Exercise details »
Among the entries below, take the line with "REDKISS 3 Pack" and the line with "harry potter lego gringotts", and output them and every line between them exactly, with nothing else.

Items from a dataset
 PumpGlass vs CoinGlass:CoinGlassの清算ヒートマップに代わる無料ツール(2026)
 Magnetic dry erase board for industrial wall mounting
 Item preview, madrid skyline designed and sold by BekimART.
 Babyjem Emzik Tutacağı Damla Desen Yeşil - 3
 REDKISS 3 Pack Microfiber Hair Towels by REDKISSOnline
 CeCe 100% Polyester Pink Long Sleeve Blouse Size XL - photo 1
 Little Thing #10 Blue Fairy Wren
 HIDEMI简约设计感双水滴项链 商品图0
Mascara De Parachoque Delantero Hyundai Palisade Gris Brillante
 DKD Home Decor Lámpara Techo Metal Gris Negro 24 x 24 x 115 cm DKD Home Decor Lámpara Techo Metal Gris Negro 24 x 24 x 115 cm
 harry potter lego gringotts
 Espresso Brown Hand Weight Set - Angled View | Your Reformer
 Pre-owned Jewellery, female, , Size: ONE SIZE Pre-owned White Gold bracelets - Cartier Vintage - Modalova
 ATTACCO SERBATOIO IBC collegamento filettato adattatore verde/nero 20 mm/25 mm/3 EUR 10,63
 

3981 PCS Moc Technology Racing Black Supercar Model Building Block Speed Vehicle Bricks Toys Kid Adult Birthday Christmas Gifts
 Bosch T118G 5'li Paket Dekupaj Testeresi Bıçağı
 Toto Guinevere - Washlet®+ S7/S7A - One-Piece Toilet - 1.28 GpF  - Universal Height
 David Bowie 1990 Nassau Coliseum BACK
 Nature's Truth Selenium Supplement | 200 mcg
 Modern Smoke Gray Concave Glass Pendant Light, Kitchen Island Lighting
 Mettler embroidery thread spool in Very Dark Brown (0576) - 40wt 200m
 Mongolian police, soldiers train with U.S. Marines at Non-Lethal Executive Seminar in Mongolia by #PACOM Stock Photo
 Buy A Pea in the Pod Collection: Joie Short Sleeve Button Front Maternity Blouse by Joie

Response to the task »
 REDKISS 3 Pack Microfiber Hair Towels by REDKISSOnline
 CeCe 100% Polyester Pink Long Sleeve Blouse Size XL - photo 1
 Little Thing #10 Blue Fairy Wren
 HIDEMI简约设计感双水滴项链 商品图0
Mascara De Parachoque Delantero Hyundai Palisade Gris Brillante
 DKD Home Decor Lámpara Techo Metal Gris Negro 24 x 24 x 115 cm DKD Home Decor Lámpara Techo Metal Gris Negro 24 x 24 x 115 cm
 harry potter lego gringotts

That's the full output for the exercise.